I’ve been learning a lot about how one moment in time and one simple broken bone can turn your life upside down.  We take our abilities for granted until one or more of them is taken away.  The simplest activities like combing my hair and applying mascara became difficult, and activities like tying shoelaces and putting on a pullover shirt became impossible.  I was so happy when I was able to feed myself with my right hand for the first time again, 14 days after the break.  Perhaps the biggest surprise has been that for just one little broken bone, I’ve been needing much more sleep and tiring easily; apparently it takes a lot of energy to heal a break.  I’m grateful for modern medicine which will have me doing everything normally again in just 6-8 weeks!

They say “Art Imitates Life.”  Yesterday was Halloween, so I selected a pumpkin with a “shoulder” and made it into a “self portrait”.  Yes, those are real staples, with Neocolor II wax pastel “bruises”.  My coworkers knew whose pumpkin it was without asking!

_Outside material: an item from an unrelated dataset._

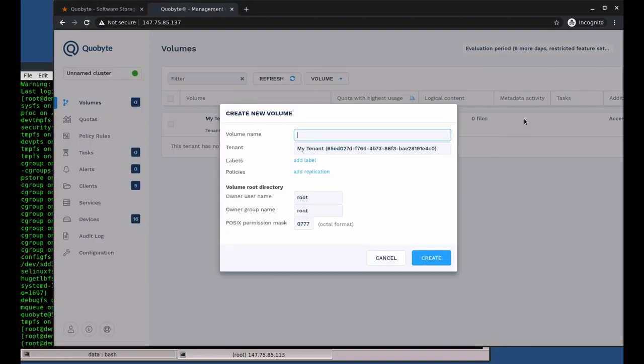So let's go back to the CoByte web console and create a new volume. We will call it demo-volume.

It’s been frustrating that with all this “time off”, I haven’t been able to do anything fun.  I couldn’t read because I couldn’t hold a magazine or book open, I couldn’t draw or write because it’s my right shoulder and I’m right-handed, I couldn’t drive somewhere because of the painkillers, I couldn’t go for hikes or walks because of the constant shoulder movement, and of course I couldn’t ride my motorcycle.  All I could really do was watch TV, and one can stand only so much of that.

Now my shoulder is feeling and working better, I can type two-handed, and I’m starting to eye the drawing board again.  I’m expecting to start that next commission later this week, and I can’t wait.